Or les préceptes du décalogue expriment justement l'intention de Dieu, le législateur. Ceux de la première table, relatifs à Dieu, énoncent pour lui-même l'attachement au bien commun et final qui est Dieu ; ceux de la seconde table énoncent l'ordre juste qui doit régner entre les hommes, nul tort n'étant fait à personne et chacun recevant son dû. C'est en ce sens qu'il faut entendre les préceptes du décalogue, et c'est pourquoi ils ne souffrent aucune sorte de dispense.

Solutions

1. À cet endroit, Aristote ne parle pas de ce droit de nature qui exprime précisément l'ordre de justice ; il n'y a en effet jamais d'exception au devoir d'observer la justice. Il fait allusion à telles manières déterminées d'observer la justice qui peuvent parfois être mises en échec.

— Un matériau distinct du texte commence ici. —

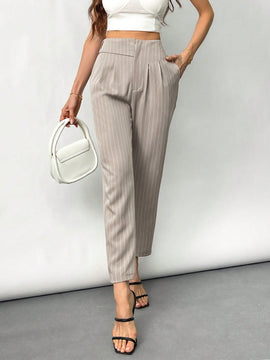 Prive Pantalones de talle alto y pierna recta con elegancia cotidiana y moda simple para mujer con rayas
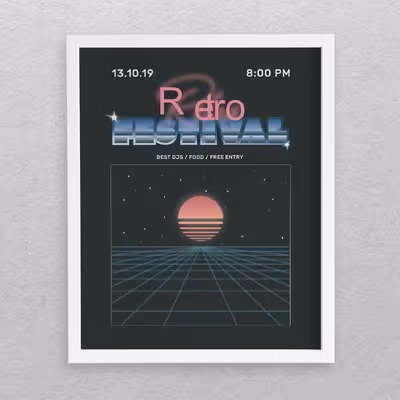تابلو مدل دکوراتیو طرح فضا Retro Festival کد 674
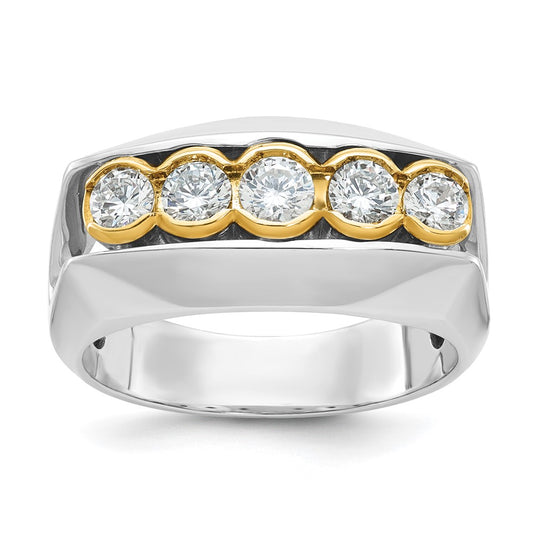 14k Two-tone IBGoodman Men's Polished Graduated 5-Stone Ring Mtg
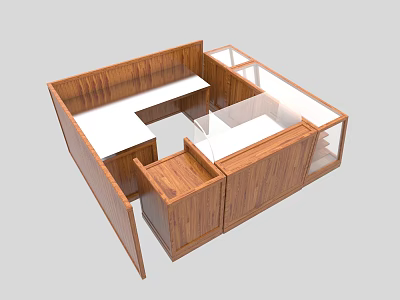 Wooden Display Cabinet Modern Structure With Open Shelves And White Countertop 3d model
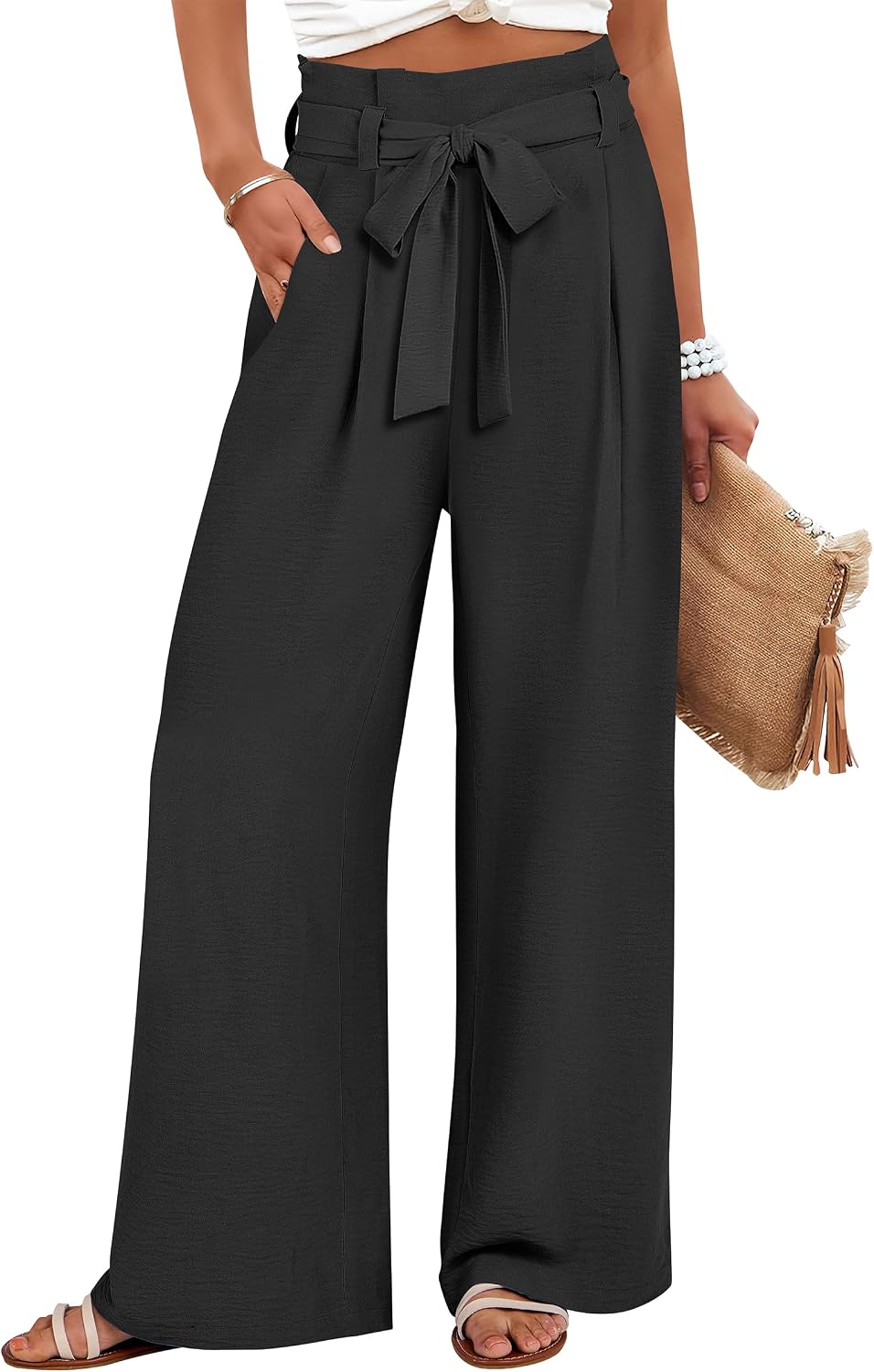 ANRABESS Womens Palazzo Wide Leg High Waisted Flowy Lounge Work Pants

2. S. Paul dit aussi (2 Timothée 2.13) : « Dieu demeure fidèle et ne peut se renier. » Il se renierait si l'ordre même de la justice était aboli par lui, puisqu'il est, lui, la justice même. Dieu ne peut donc dispenser l'homme ni d'être en règle avec lui ni de se soumettre à l'ordre de sa justice même dans les matières qui concernent le commerce des hommes entre eux.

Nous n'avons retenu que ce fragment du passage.